Кеша обеспокоенно захлопал глазами.

— Эта… Как же, — начал он, испугавшись своего прилипчивого «эта» (за каждый словоупотребительный просчет или нецензурное слово я объявлял штраф, вычитая деньги из ежемесячной зарплаты). — Не, так мы не договаривались… В вашей инструкции не записано такое, чтобы невинного человека по всяким заведениям тягать, лазером мучить. Не согласен я!

— Что это за внешность такая? — разбушевался Кеша. — Не согласен я, чтобы меня задарма вдоль и поперек резали!

— Тэ-экс, чудно… Нарушение трудового договора в пункте «а»: «изменение внешности согласно установленному образцу»…

— Кто тебе сказал, дурачок, что тебя будут резать? — рассмеялся я. — Несколько сеансов, и дело в шляпе.

Глаза Кеши воровато заметались, но он промолчал, напуганный ссылкой на договор.

Утром, когда я заехал за ним, чтобы отвезти к косметологу, в коридоре мне попалась Клавдия Митрофановна с сухариком в руках (давеча я презентовал ей целый мешок) и предупредительно изрекла:

— Без выгоды ты продал народ твой, и не возвысил цены его.
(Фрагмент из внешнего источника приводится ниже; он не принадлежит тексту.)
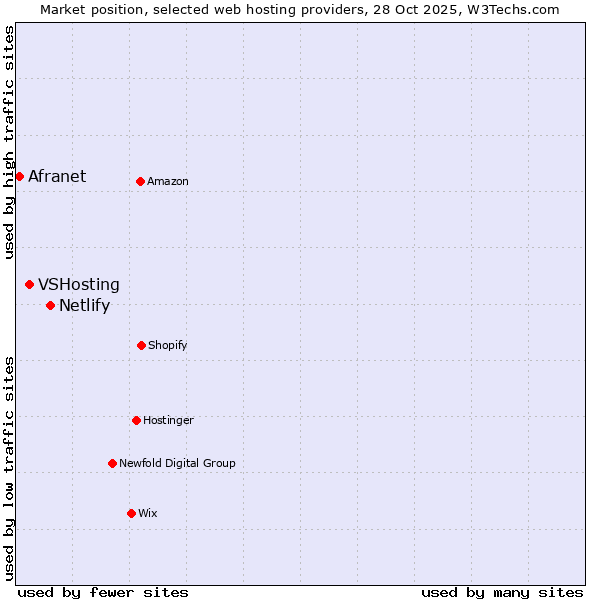 Market position of Netlify vs. VSHosting vs. Afranet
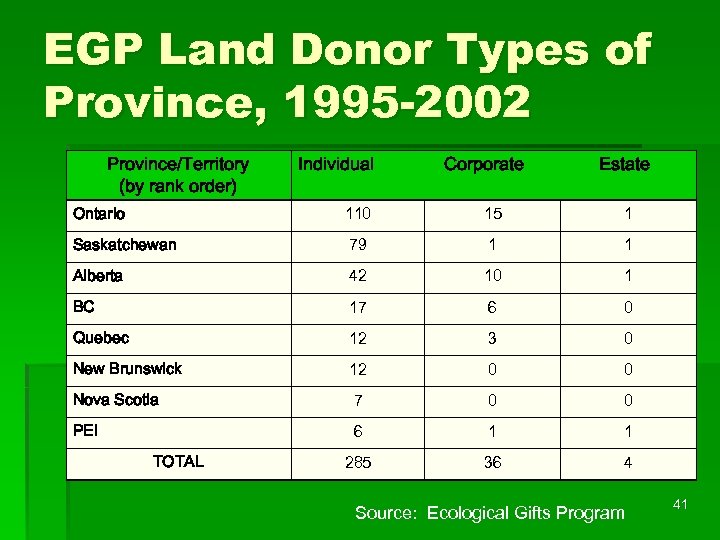 EGP Land Donor Types of Province, 1995 -2002 Province/Territory (by rank order) Individual Corporate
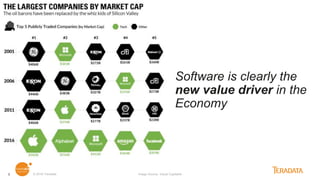 © 2018 Teradata Image Source: Visual Capitalist8
Software is clearly the
new value driver in the
Economy
 
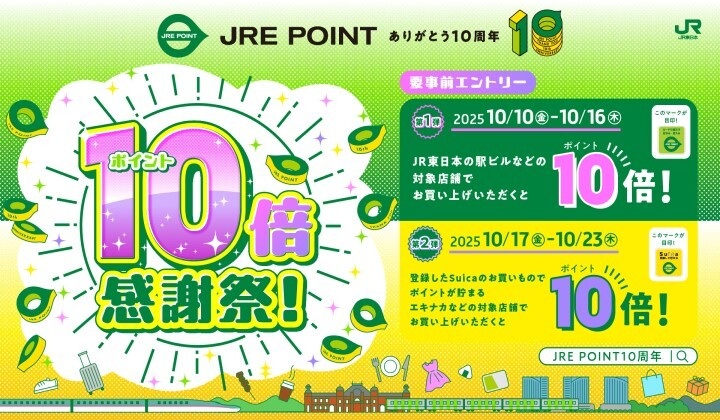 JREPOINT10周年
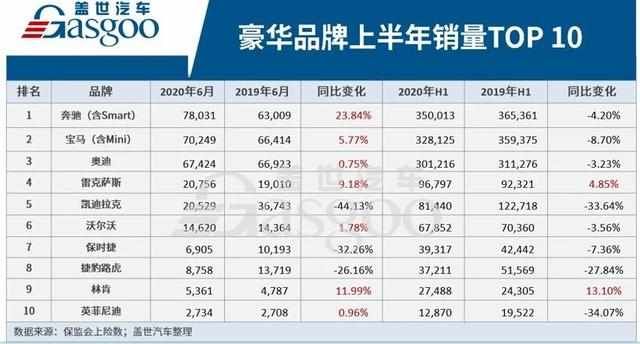  汽车销量|2020上半年豪华汽车销量TOP10,林肯涨势大跌眼镜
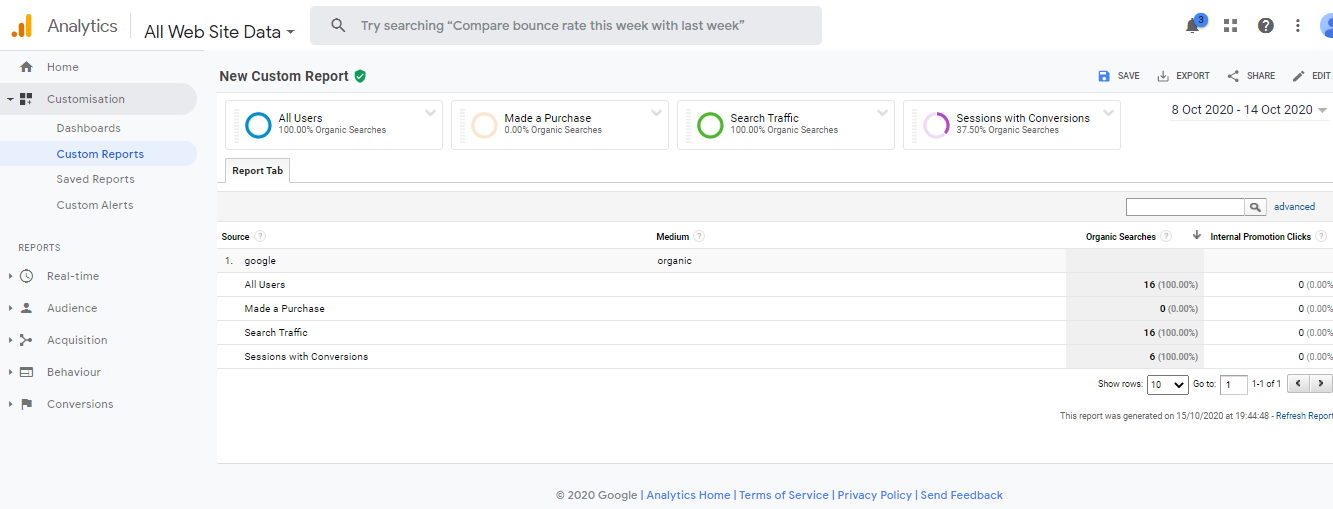 Competing your custom report in Google Analytics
Отдал его на поношения соседям нашим, на поругание и посмеяние живущим вокруг нас.

Я разгадал ее мрачноватое предостережение, только обнаружив скорчившегося на диване Кешу, страдальчески опустившего веки. Возле него в позе наяды, клонившей голову над водами прозрачного ручья, сидела разбитная Валюха.

— Братец твой совсем сдвинулся, — визгливо заметила она. — Вчерась как с катушек съехал — всю ночь стонал почем зря.

— Что случилось?

Скрючившееся на диване существо поведало смущенно:

— Организмы у нас нежные, не способные переносить большие напряжения. В голове туман и плечо адски болит. Может, завтра, а?

— Сегодня, — садистски усмехнулся я. — Собирайся.

Между тем Валюха приблизилась ко мне, играя плечами, бедрами, глазами и всем, чем может играть тридцатипятилетняя женщина в полном соку, не обремененная никакими моральными обязательствами, включая брачные, и произнесла, щуря зеленоватые в крапинку глаза:

— А куда это наш братец все время спешит? И не остановится даже, и чаю с нами даже не попьет… — Она заговорщически подмигнула и ехидно добавила: — Ох, смотри, красавчик, не будь больно гордым. Как бы не пришлось с будущими родственниками отношения наново устанавливать.

— Не вижу здесь никаких будущих родственников, — парировал я.

— Ну так посмотри! — Валька, уперев кулаки в наливные бока, выразительно крутанулась передо мной.

Суть развязного поведения соседки Кеша разъяснил уже в машине:

— Хочет, чтобы я на ней женился.

— А что, было между вами что-то? — спросил я, выруливая на улицу.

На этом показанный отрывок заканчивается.